From an architectural and user standpoint, design considerations include wellness of building occupants, such as access to daylighting and views, natural ventilation, and universal design. Focus on user controllability is also an important aspect to ensure high levels of comfort.
From an engineering and owner standpoint, considerations include efficiency in mechanical systems, such as the use of variable air volume source capture and general exhaust, which can maximize user controllability and energy efficiency, as well as water-sourced heating for perimeter zones to combat facade loads.
This session will share sustainable lab examples from recently completed, state-of-the art facilities including ANSYS Hall at Carnegie Mellon University (CMU) in Pittsburgh, Pennsylvania, which is a LEED Gold, 36,000 GSF, new construction building consisting of computer labs, dry lab, high bay maker space, classrooms, and offices for faculty and staff. Centered around its High Bay and exterior Maker Court, the building is a light-filled, transparent hub and a key link in the College of Engineering Maker ecosystem for nano, micro, and macro fabrication. It embodies the university's initiatives on sustainability and developments in research and innovation.
- Compare sustainable strategies for traditional labs versus modern electronics or fabrication labs;
- Design solutions when connecting a new modern lab building with a historic structure;
- Identify tactics for universal design within lab buildings; and
- Evaluate long-term campus planning goals when designing new construction projects.
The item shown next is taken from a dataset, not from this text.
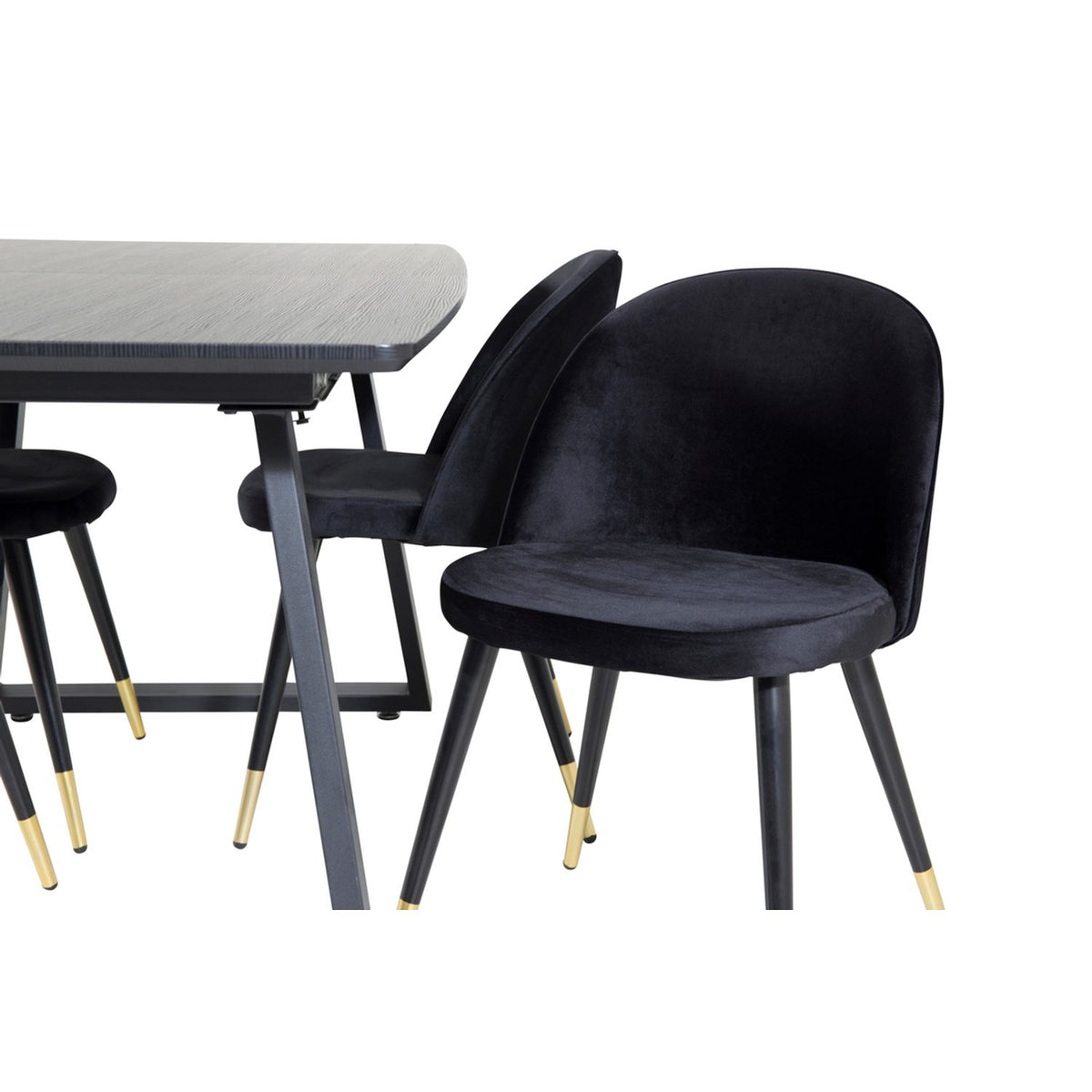 Inca, Velvet Rektangulär matgrupp Svart,Guld, Svart, 160 x 85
Jeremy Snyder leads multidisciplinary engineering teams in the design of innovative and sustainable projects. Collaborating with clients, architects, engineers, and contractors, he advocates for a truly integrated process. He promotes designs that are future ready, resilient, with maintainability, comfort, and occupant efficiency in mind.
Patricia Culley is a vocal advocate for sustainability, pushing architects to align the technical rigor of sustainability with a strong design sensibility. She believes an architect's greatest asset is the ability to problem-solve, and she brings that mentality to all of her engagements. She is a proactive communicator, committed to inclusivity.